** Given data follows **

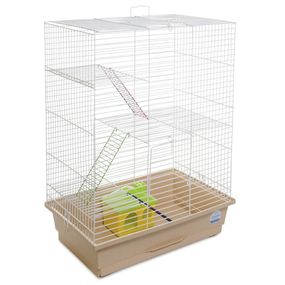 Клітка Природа Нюра для дрібних декоративних гризунів з будиночком біла/бежева 44x27x59 см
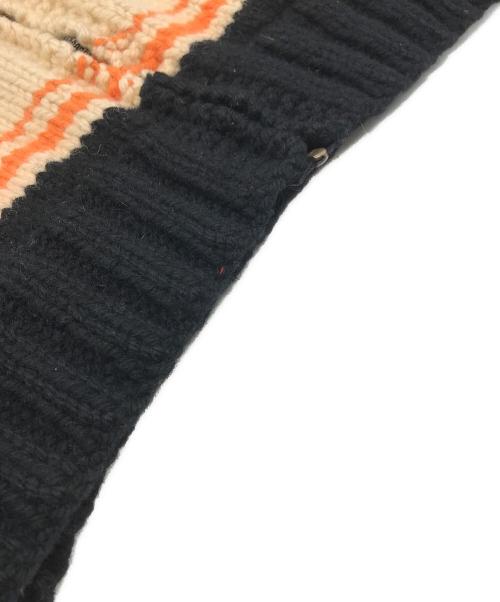 USED（）USED (ユーズド) アメフトカウチンニットカーディガン ベージュ×ブラック サイズ:-の古着・服飾アイテム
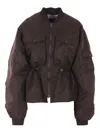Cecilie Bahnsen Birdie Ruched Padded Shell Bomber Jacket In Brown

** End of Given data **

**Work to be completed:** The data must be repeated exactly. Any pictures in it are to be left out.

**Response to the exercise:**
 Клітка Природа Нюра для дрібних декоративних гризунів з будиночком біла/бежева 44x27x59 см
 USED（）USED (ユーズド) アメフトカウチンニットカーディガン ベージュ×ブラック サイズ:-の古着・服飾アイテム
Cecilie Bahnsen Birdie Ruched Padded Shell Bomber Jacket In Brown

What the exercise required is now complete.